*** Opening STUDY MATERIAL ***

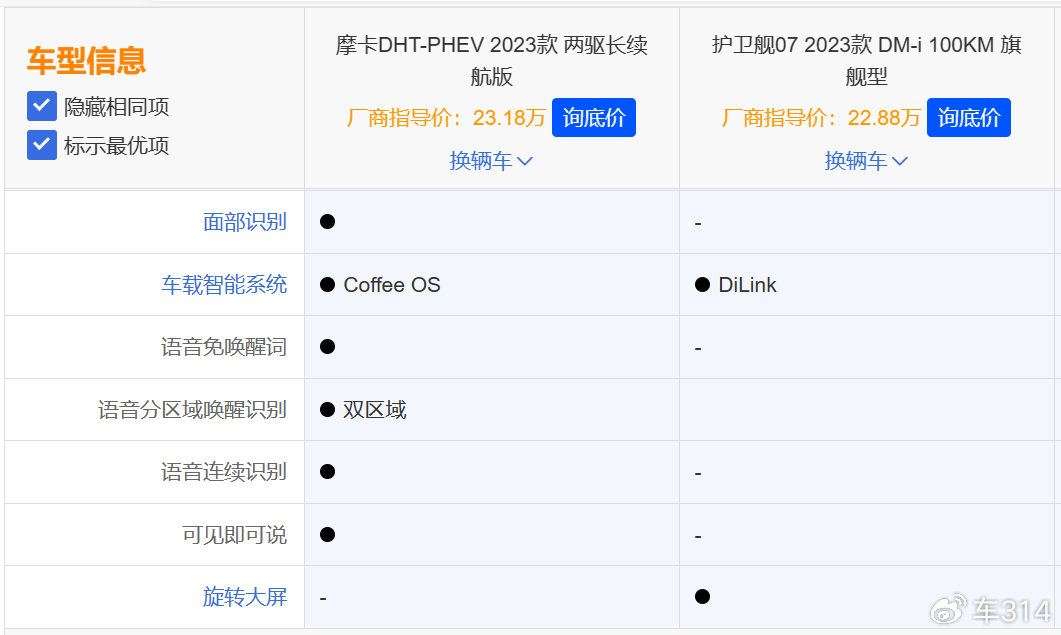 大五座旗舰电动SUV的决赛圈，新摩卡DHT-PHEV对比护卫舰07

*** Closing STUDY MATERIAL ***
*** Opening STUDY MATERIAL ***

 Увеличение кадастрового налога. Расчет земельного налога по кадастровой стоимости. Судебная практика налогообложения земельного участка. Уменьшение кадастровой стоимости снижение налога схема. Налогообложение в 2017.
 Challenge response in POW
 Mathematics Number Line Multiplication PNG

*** Closing STUDY MATERIAL ***

Above are the records; copy exactly the lines from the line with "Challenge response in POW" through the line with "Mathematics Number Line Multiplication PNG", both included.

 Challenge response in POW
 Mathematics Number Line Multiplication PNG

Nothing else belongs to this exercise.